▼
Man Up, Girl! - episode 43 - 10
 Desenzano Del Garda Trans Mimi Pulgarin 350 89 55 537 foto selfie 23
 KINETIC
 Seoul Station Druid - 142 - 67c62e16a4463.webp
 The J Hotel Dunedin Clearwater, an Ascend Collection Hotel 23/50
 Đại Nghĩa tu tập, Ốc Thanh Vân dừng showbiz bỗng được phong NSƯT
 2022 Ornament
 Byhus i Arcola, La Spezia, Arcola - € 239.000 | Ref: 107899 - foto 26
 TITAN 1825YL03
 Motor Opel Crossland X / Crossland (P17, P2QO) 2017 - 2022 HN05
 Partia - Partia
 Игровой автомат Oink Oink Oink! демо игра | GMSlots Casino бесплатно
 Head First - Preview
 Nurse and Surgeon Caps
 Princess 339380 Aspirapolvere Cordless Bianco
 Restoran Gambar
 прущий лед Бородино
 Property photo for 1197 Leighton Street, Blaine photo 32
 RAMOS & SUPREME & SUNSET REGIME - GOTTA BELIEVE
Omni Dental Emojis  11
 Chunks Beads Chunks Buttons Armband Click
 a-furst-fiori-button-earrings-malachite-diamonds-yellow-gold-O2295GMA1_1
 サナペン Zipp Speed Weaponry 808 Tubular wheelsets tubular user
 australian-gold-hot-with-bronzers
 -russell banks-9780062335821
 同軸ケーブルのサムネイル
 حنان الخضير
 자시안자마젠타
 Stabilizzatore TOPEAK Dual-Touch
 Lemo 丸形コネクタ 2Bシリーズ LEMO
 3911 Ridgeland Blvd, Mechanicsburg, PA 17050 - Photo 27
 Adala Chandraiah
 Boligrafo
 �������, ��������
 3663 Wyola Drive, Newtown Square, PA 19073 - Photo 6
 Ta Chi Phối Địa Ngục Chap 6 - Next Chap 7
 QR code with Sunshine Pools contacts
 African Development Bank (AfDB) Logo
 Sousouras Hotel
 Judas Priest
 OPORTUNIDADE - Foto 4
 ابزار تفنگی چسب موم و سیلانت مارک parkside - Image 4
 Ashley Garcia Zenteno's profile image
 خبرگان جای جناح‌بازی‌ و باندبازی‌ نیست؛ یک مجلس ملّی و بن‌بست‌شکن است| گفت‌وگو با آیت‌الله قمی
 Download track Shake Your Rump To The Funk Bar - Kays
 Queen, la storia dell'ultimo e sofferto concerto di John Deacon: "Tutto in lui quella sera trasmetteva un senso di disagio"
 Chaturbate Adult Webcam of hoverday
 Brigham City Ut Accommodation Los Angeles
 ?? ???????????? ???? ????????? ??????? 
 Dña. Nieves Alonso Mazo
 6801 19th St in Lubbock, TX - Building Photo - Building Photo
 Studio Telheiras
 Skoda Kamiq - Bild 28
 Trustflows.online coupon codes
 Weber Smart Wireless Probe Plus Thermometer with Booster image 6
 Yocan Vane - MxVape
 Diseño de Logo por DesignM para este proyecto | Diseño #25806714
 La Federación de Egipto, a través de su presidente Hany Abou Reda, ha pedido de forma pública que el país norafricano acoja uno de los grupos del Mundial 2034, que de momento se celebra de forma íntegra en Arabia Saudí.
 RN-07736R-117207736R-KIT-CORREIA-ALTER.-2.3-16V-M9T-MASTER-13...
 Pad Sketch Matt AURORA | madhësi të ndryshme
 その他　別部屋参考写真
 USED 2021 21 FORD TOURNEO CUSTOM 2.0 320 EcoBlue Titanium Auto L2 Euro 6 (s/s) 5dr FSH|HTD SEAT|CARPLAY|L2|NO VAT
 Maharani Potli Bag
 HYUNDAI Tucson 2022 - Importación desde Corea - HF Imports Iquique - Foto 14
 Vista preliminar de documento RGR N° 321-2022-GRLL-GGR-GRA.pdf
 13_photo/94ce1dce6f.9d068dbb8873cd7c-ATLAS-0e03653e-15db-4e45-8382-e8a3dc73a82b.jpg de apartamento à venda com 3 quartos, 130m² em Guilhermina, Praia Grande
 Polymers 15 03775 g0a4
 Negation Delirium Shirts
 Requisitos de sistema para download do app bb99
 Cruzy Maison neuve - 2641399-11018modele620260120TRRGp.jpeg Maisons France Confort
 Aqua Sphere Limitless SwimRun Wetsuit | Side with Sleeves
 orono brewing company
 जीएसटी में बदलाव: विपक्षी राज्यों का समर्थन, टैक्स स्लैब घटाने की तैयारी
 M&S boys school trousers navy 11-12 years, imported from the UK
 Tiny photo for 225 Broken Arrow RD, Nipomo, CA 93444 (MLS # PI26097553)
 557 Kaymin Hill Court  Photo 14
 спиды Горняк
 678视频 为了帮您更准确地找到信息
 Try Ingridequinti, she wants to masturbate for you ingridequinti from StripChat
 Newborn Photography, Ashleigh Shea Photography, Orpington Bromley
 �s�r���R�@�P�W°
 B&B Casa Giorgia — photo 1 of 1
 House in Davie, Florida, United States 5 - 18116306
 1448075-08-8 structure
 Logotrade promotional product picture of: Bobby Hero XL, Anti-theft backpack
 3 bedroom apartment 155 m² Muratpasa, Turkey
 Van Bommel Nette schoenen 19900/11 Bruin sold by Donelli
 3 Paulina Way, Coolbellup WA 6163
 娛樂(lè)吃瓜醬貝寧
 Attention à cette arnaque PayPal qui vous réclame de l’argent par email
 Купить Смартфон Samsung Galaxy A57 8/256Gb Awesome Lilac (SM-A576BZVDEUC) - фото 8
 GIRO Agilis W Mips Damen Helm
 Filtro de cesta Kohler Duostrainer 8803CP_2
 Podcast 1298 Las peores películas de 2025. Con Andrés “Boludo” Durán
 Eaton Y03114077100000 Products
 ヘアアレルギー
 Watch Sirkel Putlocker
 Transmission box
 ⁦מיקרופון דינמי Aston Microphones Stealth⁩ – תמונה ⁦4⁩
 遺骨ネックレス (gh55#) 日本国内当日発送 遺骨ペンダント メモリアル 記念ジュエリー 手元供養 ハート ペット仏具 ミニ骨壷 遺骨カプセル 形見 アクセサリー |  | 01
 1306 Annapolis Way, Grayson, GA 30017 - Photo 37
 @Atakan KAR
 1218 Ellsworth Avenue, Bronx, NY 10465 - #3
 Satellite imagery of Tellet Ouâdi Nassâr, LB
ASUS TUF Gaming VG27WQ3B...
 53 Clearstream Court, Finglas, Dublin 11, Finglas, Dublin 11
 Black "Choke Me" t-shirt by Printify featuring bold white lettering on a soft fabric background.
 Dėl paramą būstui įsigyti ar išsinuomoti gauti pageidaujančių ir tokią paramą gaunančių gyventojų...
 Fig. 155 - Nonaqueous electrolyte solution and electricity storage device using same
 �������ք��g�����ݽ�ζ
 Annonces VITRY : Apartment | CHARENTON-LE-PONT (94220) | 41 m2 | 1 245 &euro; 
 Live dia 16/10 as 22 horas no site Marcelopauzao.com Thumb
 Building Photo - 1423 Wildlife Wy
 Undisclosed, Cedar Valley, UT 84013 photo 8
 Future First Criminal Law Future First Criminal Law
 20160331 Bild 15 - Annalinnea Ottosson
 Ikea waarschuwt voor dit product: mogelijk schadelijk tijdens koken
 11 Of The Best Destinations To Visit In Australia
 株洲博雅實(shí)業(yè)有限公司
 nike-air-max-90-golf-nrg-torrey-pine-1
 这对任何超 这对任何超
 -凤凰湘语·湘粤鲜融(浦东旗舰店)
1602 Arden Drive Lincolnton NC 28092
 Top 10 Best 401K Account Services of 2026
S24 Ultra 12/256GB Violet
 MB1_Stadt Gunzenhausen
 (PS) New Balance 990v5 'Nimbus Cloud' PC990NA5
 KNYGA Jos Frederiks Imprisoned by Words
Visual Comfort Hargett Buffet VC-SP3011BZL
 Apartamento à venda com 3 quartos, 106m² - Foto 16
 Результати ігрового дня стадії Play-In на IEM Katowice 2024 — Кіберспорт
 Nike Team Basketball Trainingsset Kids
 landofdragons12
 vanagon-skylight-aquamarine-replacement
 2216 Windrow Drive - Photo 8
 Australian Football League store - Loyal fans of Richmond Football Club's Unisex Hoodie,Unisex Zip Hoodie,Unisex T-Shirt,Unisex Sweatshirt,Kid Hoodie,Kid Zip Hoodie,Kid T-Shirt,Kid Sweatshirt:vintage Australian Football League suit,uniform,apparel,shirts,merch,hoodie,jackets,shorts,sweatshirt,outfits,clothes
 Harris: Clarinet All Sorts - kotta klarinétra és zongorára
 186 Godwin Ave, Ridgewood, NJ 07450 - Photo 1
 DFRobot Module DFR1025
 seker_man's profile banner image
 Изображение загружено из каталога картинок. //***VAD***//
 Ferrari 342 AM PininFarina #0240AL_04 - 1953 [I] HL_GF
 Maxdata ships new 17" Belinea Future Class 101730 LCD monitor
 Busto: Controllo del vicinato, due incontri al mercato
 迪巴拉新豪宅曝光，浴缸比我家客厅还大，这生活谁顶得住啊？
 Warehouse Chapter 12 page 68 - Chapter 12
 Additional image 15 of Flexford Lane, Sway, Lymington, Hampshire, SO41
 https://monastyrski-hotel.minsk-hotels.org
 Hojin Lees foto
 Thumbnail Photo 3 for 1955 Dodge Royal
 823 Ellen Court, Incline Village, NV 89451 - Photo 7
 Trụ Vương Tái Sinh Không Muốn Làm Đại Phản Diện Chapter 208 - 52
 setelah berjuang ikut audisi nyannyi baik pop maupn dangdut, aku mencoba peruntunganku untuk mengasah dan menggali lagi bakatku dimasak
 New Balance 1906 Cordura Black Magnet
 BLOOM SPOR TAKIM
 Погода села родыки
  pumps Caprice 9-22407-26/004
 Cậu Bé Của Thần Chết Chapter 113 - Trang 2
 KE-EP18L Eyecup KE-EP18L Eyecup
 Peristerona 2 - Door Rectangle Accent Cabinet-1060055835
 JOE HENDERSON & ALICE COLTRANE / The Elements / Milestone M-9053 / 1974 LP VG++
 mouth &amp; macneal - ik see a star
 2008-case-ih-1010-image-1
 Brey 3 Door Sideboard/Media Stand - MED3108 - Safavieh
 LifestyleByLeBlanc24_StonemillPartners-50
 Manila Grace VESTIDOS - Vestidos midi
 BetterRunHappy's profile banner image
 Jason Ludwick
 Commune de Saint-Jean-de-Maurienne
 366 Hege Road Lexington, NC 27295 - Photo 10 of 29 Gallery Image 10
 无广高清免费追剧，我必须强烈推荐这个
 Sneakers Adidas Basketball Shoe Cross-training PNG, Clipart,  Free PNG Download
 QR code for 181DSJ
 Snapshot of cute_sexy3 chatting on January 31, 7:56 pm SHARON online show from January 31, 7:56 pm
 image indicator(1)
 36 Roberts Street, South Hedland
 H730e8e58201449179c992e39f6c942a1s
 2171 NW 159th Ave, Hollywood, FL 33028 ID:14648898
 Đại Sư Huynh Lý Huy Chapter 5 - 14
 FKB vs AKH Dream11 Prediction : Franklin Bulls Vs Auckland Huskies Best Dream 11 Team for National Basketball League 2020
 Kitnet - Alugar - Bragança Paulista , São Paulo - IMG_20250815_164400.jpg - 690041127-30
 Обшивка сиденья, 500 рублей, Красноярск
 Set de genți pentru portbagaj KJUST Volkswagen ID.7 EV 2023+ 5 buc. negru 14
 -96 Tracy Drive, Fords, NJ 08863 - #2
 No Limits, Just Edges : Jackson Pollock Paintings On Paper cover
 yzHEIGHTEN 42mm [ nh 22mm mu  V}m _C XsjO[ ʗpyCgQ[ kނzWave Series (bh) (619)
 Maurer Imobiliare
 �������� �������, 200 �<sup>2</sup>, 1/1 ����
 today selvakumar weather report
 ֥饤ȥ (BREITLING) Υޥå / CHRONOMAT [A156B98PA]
▲
# [WORK TO COMPLETE]
From the first line of the listing above through the line that contains "Motor Opel Crossland", set down each line without alteration, and nothing else.

# [SOLUTION TO THIS TASK]
Man Up, Girl! - episode 43 - 10
 Desenzano Del Garda Trans Mimi Pulgarin 350 89 55 537 foto selfie 23
 KINETIC
 Seoul Station Druid - 142 - 67c62e16a4463.webp
 The J Hotel Dunedin Clearwater, an Ascend Collection Hotel 23/50
 Đại Nghĩa tu tập, Ốc Thanh Vân dừng showbiz bỗng được phong NSƯT
 2022 Ornament
 Byhus i Arcola, La Spezia, Arcola - € 239.000 | Ref: 107899 - foto 26
 TITAN 1825YL03
 Motor Opel Crossland X / Crossland (P17, P2QO) 2017 - 2022 HN05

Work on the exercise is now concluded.